**PROVIDED DATA**
━━━━━━━━━━━━━━━━

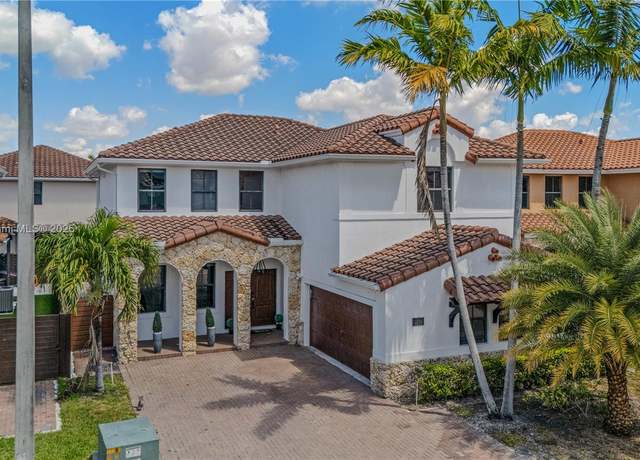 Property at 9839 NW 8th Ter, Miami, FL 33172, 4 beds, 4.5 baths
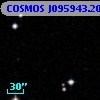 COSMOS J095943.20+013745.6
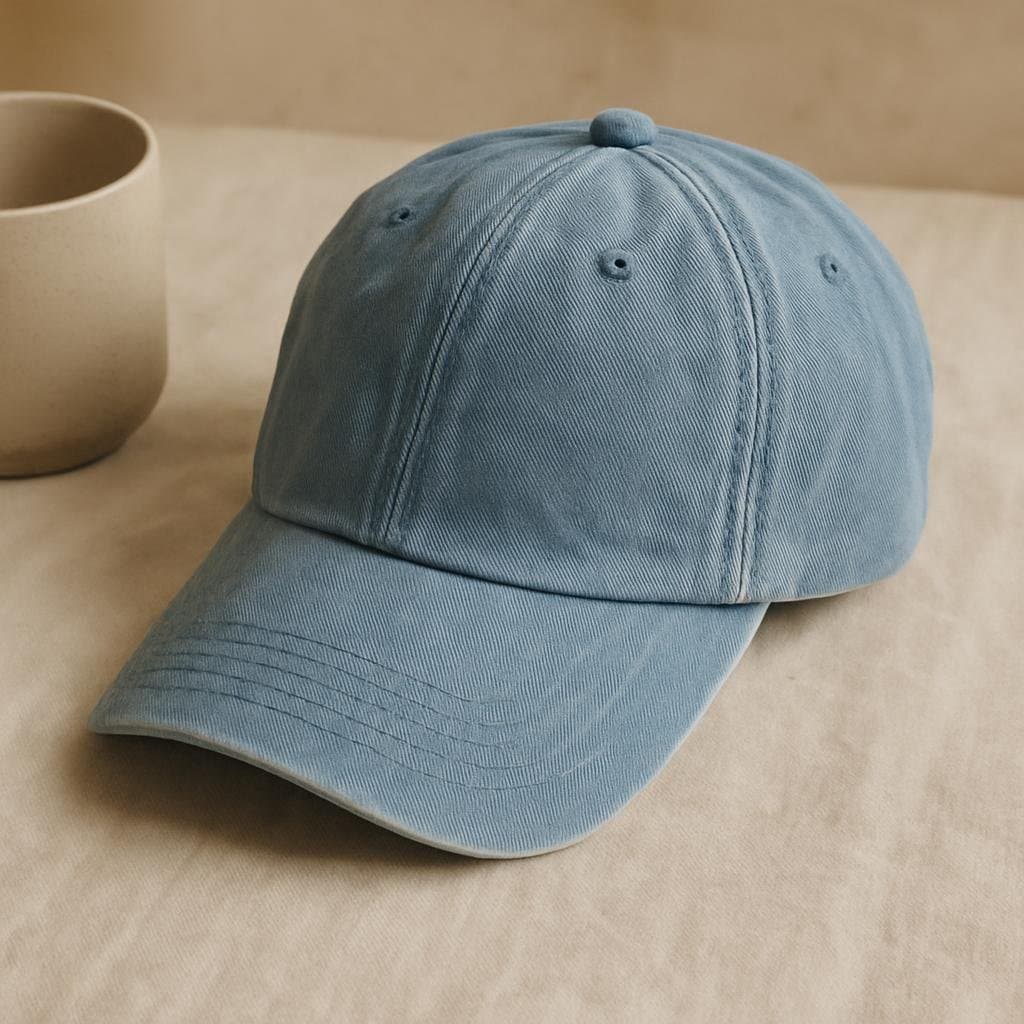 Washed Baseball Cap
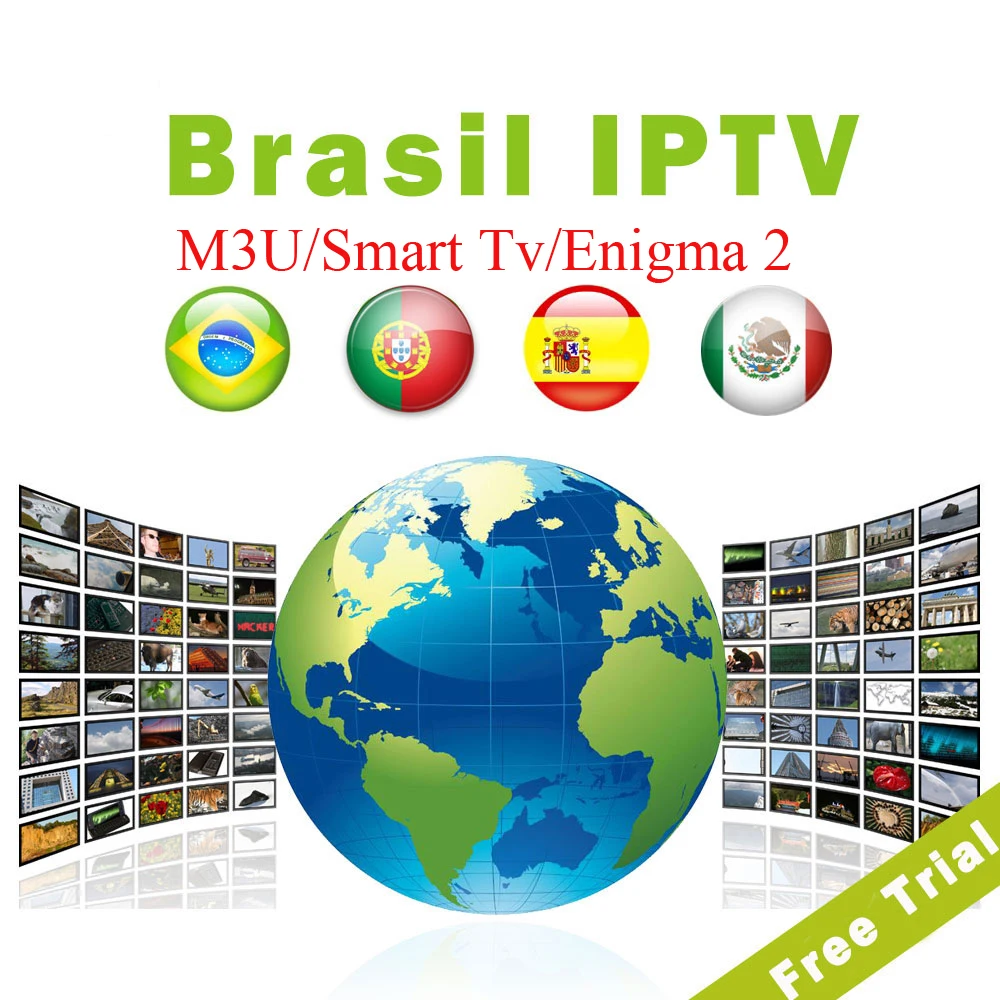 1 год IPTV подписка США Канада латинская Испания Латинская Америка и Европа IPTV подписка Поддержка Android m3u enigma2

━━━━━━━━━━━━━━━━

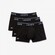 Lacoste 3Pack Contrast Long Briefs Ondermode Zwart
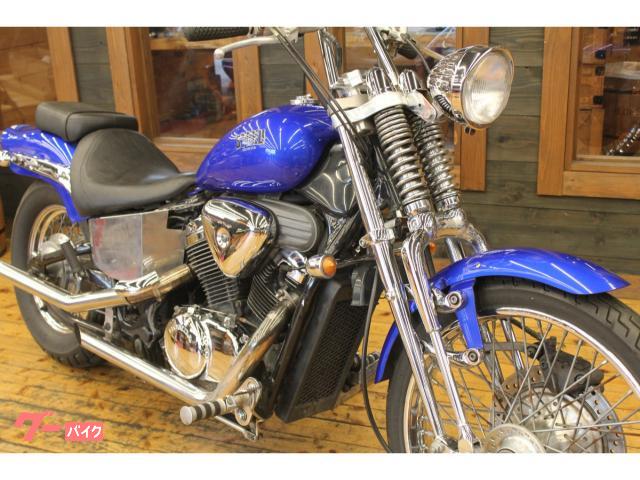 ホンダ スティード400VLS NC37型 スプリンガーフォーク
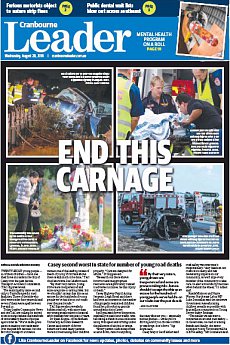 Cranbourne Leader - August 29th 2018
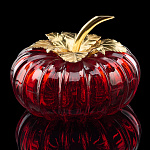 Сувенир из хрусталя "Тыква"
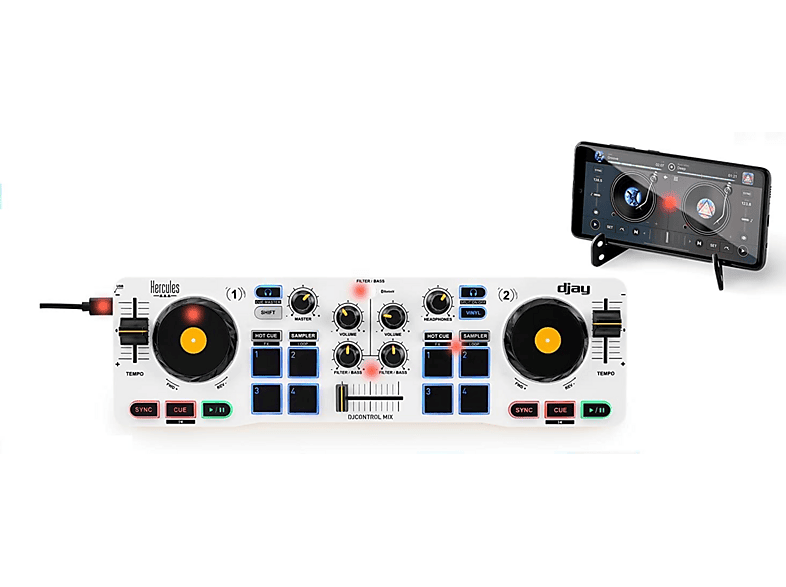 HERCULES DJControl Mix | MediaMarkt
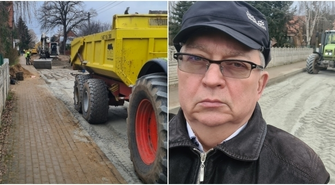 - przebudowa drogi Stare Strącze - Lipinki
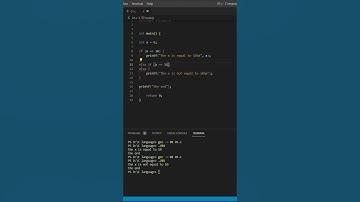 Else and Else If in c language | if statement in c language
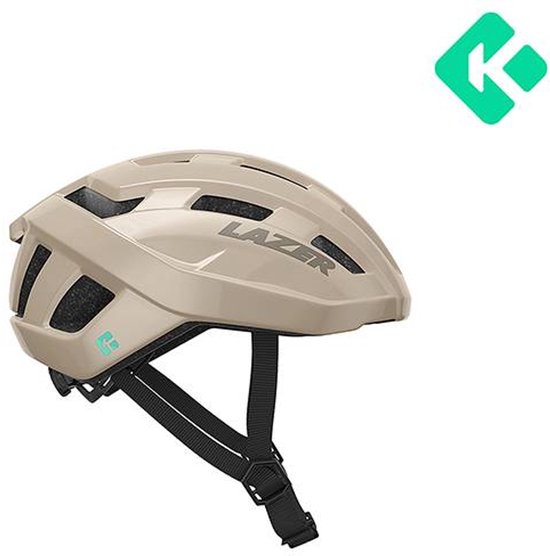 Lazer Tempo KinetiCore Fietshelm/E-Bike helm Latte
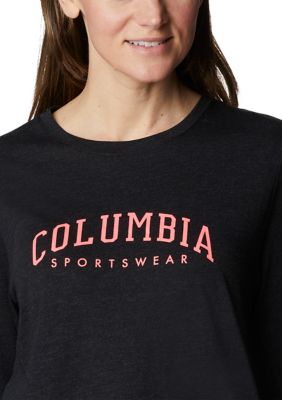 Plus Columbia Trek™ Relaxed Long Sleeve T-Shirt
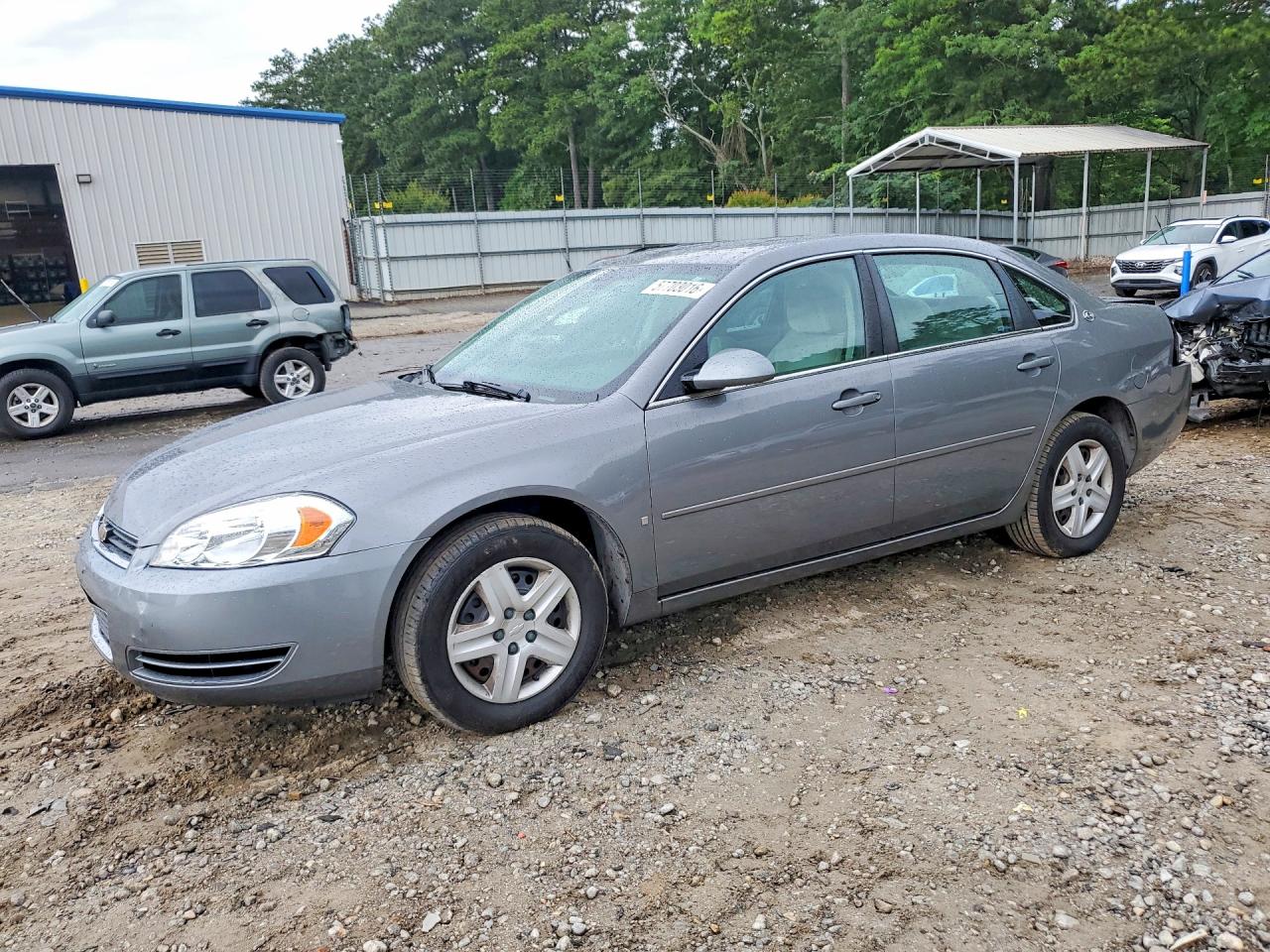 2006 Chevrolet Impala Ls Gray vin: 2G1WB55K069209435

━━━━━━━━━━━━━━━━

**DIRECTIONS**
In the entries above, find the line with "- przebudowa drogi Stare Strącze - Lipinki" and the line with "2006 Chevrolet Impala". Write out exactly those two lines and every line between them, pictures excluded.

**TASK SOLUTION**
 - przebudowa drogi Stare Strącze - Lipinki
 Else and Else If in c language | if statement in c language
 Lazer Tempo KinetiCore Fietshelm/E-Bike helm Latte
 Plus Columbia Trek™ Relaxed Long Sleeve T-Shirt
 2006 Chevrolet Impala Ls Gray vin: 2G1WB55K069209435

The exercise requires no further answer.